CSCI-442 Project 3: Parallel Zip

Important

You'll want to read this entire document before beginning the project. Please ask any questions you have on Piazza, but only if this README does not answer your question.
Finally, be sure to start early. If you wait until a few days before the due date, you are unlikely to finish in time.

See canvas for the project due date.

Project Desciption

Learning Objectives

Understand how to use multiple threads to finish a computational task faster.
Become familiar with running concurrent threads with POSIX-threads library (pthreads) and the basic usage of concurrent data structures among parallel threads.
Sharpen systems programming skills by working on a practical project.

Summary

For this project, you will implement a parallel zip (pzip) program, using the C programming language and POSIX-threads. The pzip will read an input text file, which is composed of lowercase letters (a-z) only. As an output it will produce a binary file indicating the consecutive uses of each character. The pzip operation needs to be done in parallel using pthreads library.

The figure above shows an overview of the inputs, outputs and your program will flow. You are expected to implement the middle portion indicated by pzip(inputs,outputs). Within this function, there are three major steps that you should follow to establish the parallel threads logic:

Call pthread_create() to launch parallel threads: Once threads are created they will iterate through an equal and dedicated portion of input_chars, store the consecutive occurrence results locally, and also update a global char_frequency array that holds the total/global frequency of the occurrences of each character.
Call pthread_barrier() to synchronize the pthreads, without destroying them: This barrier is required to make sure that each thread has finished locally counting their portions of characters. Threads need to synchronize because each thread needs to know how many zipped_char structs they have in their localResult arrays, so that they can calculate the exact index of zipped_char array that they need to copy their local results into.
Call pthread_join() to finish the parallel execution.

Please note that your code is expected ONLY to operate on the input and output data structures provided in the figure.

Warning

zipped_chars array holds consecutive occurrences, whereas char_frequency array holds the total number of occurrences.

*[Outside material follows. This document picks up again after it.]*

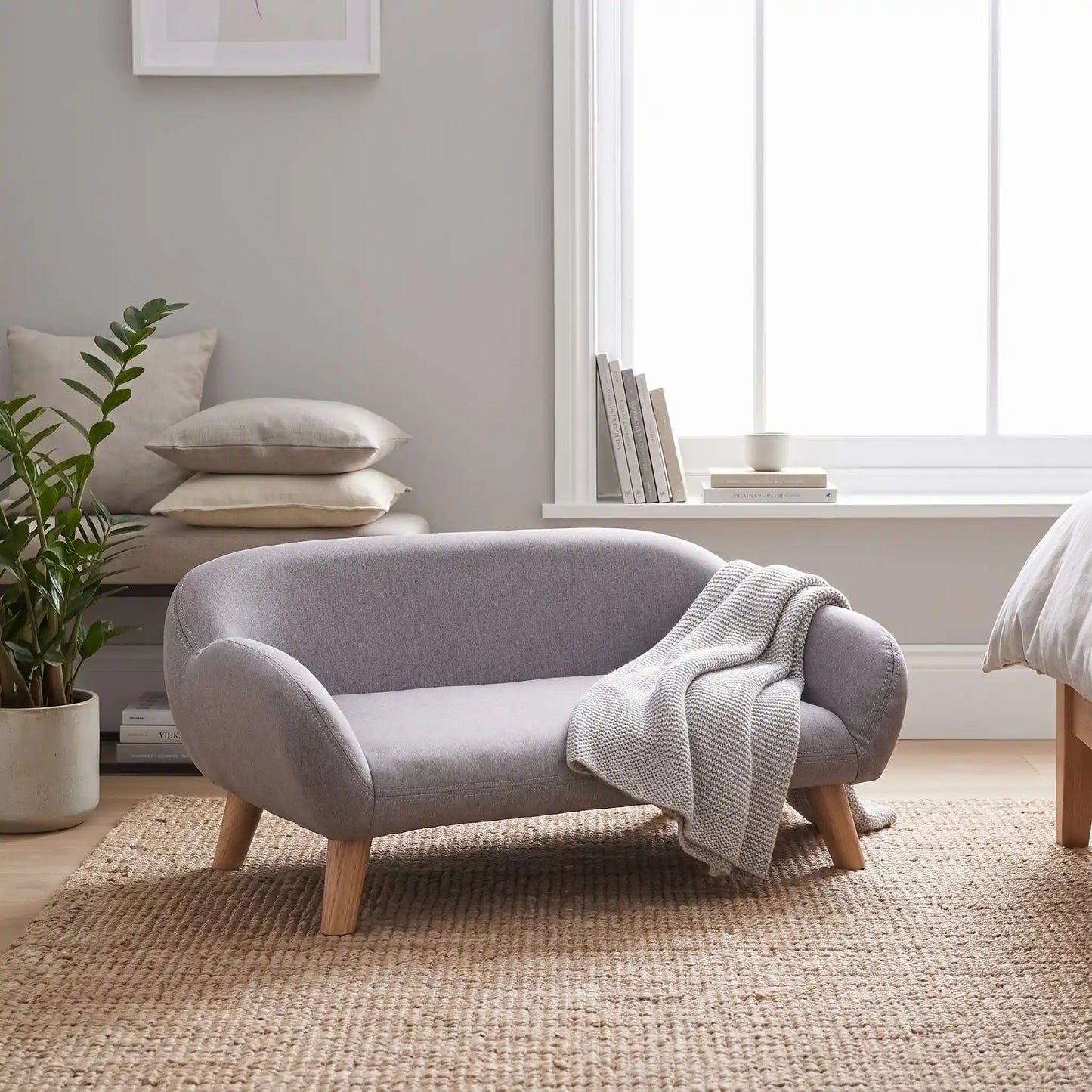 Petit-canape-pour-chien-chiot-design de couleur gris, dossier et accoudoirs arrondis dans un style scandinave, tissu résistant aux griffes, rembourrage 100% coton haute densité pour un confort optimal, structure en bois massif et surélevé avec 4 pieds en bois massif pour chiot et chien de 0 à 8 kilos-gros plan sur le petit canapé gris design compact sur pied en bois massif et rembourrage en éponge coton ergonomique pour petit chien dans la chambre de la maison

A character may appear more than once in zipped_chars array, whereas char_frequency is populated on-the-go as threads encounter each character.

Functionality

After running make, you should have an executable program named pzip located in the root of your repository. The usage is as follows:

pzip INPUT_FILE OUTPUT_FILE N_THREADS [--debug]

INPUT_FILE: The input file name which is contains only lowercase letters (a-z). The format is explained below.
OUTPUT_FILE: The output file name which will be the result of your program output. The format is explained below.
N_THREADS: The number of parallel threads that will be used during pzip.
[--debug]: Optional parameter to display the content of input/output variables. When this option is set, the output becomes a human readable text file. Otherwise, it is a binary file. We will test your program without this parameter.

Assumptions

The number of threads is assumed to be greater than or equal to zero.
The number of characters in the input file is assumed to be a positive multiple of the number of threads.
Each thread is expected to process an equal portion of the input characters.
IMPORTANT: If the consecutive occurrence of a character spans two threads, you SHOULD NOT merge these two occurrences and SHOULD report them separately. For example, in the image above, the character s appears twice for the first thread and, again, the same letter appears three times in the portion processed by the second thread. In the final output, rather than counting s for 5 times, we have two counts of it, which are 2 and 3, respectively.
The number of the same character in a row will not exceed 255 (i.e., the maximum value of a uint8_t)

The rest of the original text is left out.